Bardet finished the stage over 12 minutes back and dropped from 14th place to 93rd. If he recovers he will be free to go for a stage win in the mountains but his GC ambitions are over just when they were starting to look really good (the 30-year-old trailed Roglic by just 46 seconds going into the stage).
There are echoes of his Tour de France demise in 2020 when Bardet was just 30 seconds down on Roglic and in fourth place before crashing in the Massif Central and falling three minutes back. He withdrew the next day. Given his leader’s setback, it was perhaps a bit off for the DSM directeur sportif to turn Bardet’s crash into a marketing spot for one of the team’s sponsors – but that is perhaps the nature of the pro sport nowadays.
Bernal will be counting his lucky stars that he was not half a metre further to the right when the fateful touch of wheels occurred – sparking life into an otherwise deadly dull stage in which the expected crosswinds had failed to materialise.
If the Colombian goes on to win this race, it will not simply be because of his performances at Lagos de Covadonga or on the Alto de Gamoniteiru – it will be because he somehow contrived to stay on his bike in Stage 5, the flattest and dullest stage of all three Grand Tours in 2021.
For Taaramae, at least the Estonian veteran could afford to be stoic about swapping his red jersey for the polka dot jersey that new race leader Kenny Elissonde had been keeping warm for him these past two days.

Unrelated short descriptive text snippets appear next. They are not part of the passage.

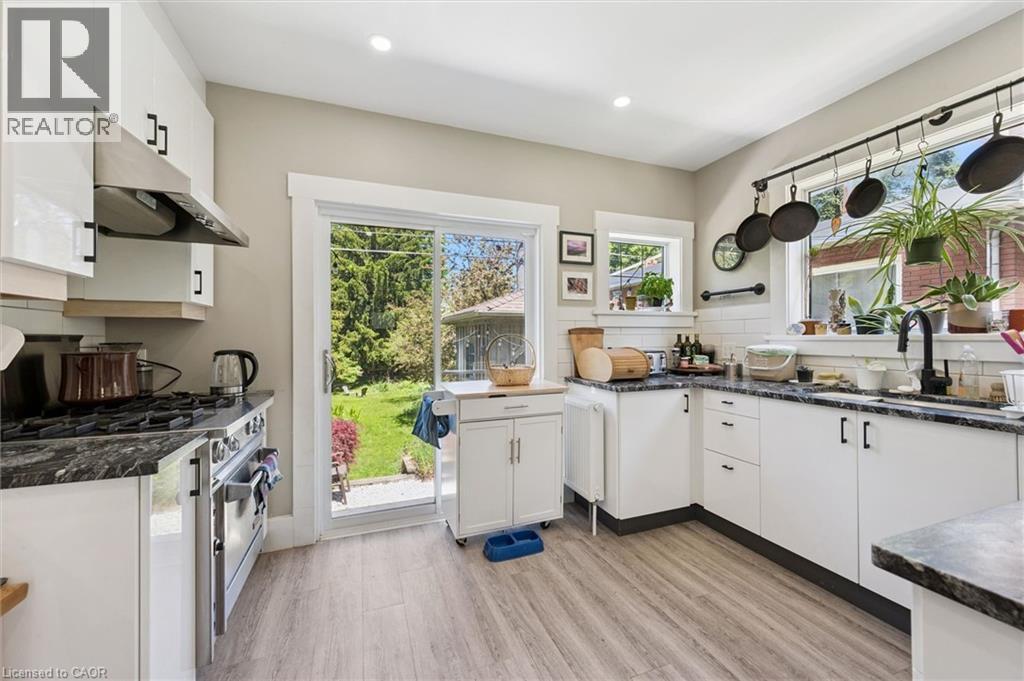 74 HOMEWOOD Avenue - 15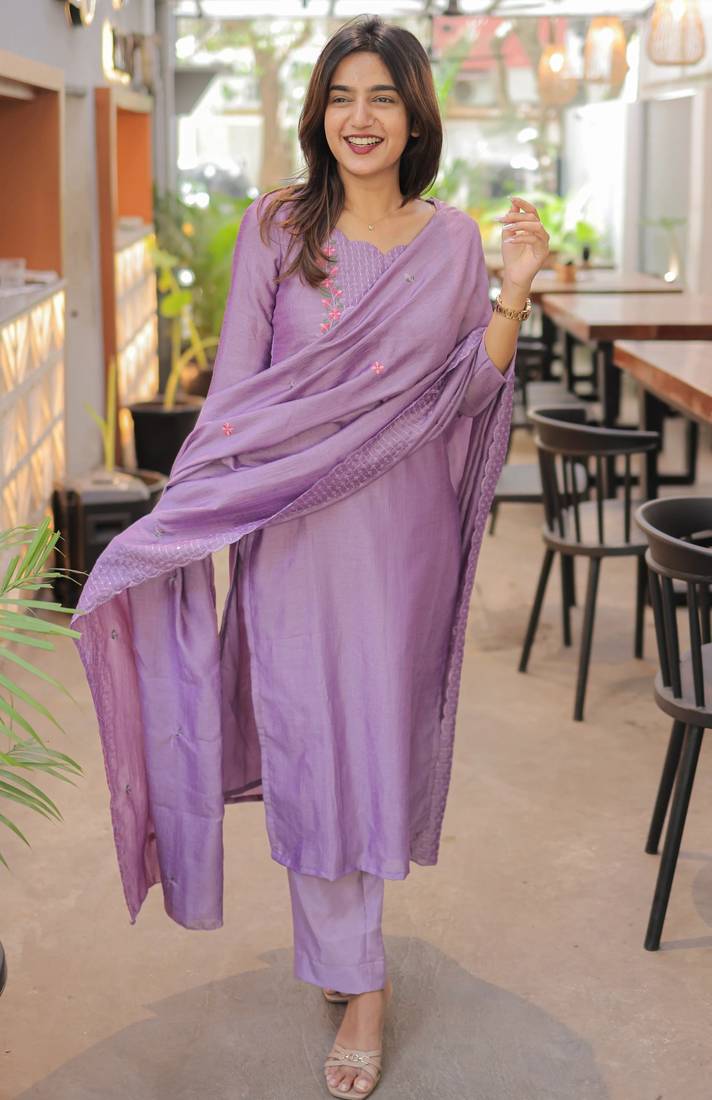 Lavendar embroidered  vertical cotton straight kurti pant dupatta set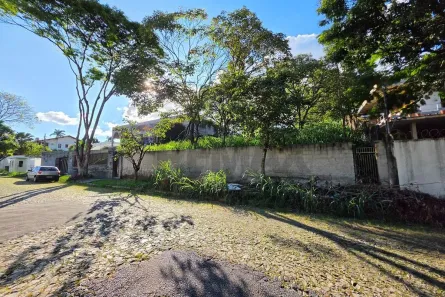 Lote/Terreno à venda, 1000m² no São Luiz, Belo Horizonte
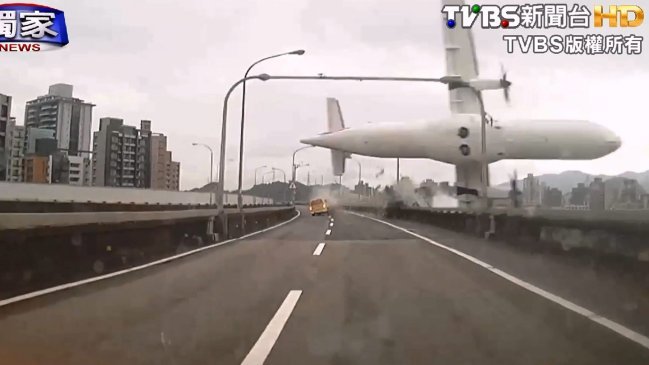 Error de los pilotos podría ser la causa de la tragedia aérea de Taiwán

"Two days in the red jersey, that was good for me. It was nice to experience but I’m not so sad to lose it,” he said. “I would have lost it tomorrow or the day after so it’s not a big deal. We’ll see day by day, but I think I can defend the polka dot jersey more than the leader’s jersey.”
At this point, Taaramae will simply settle for not coming down for a third day on the bounce.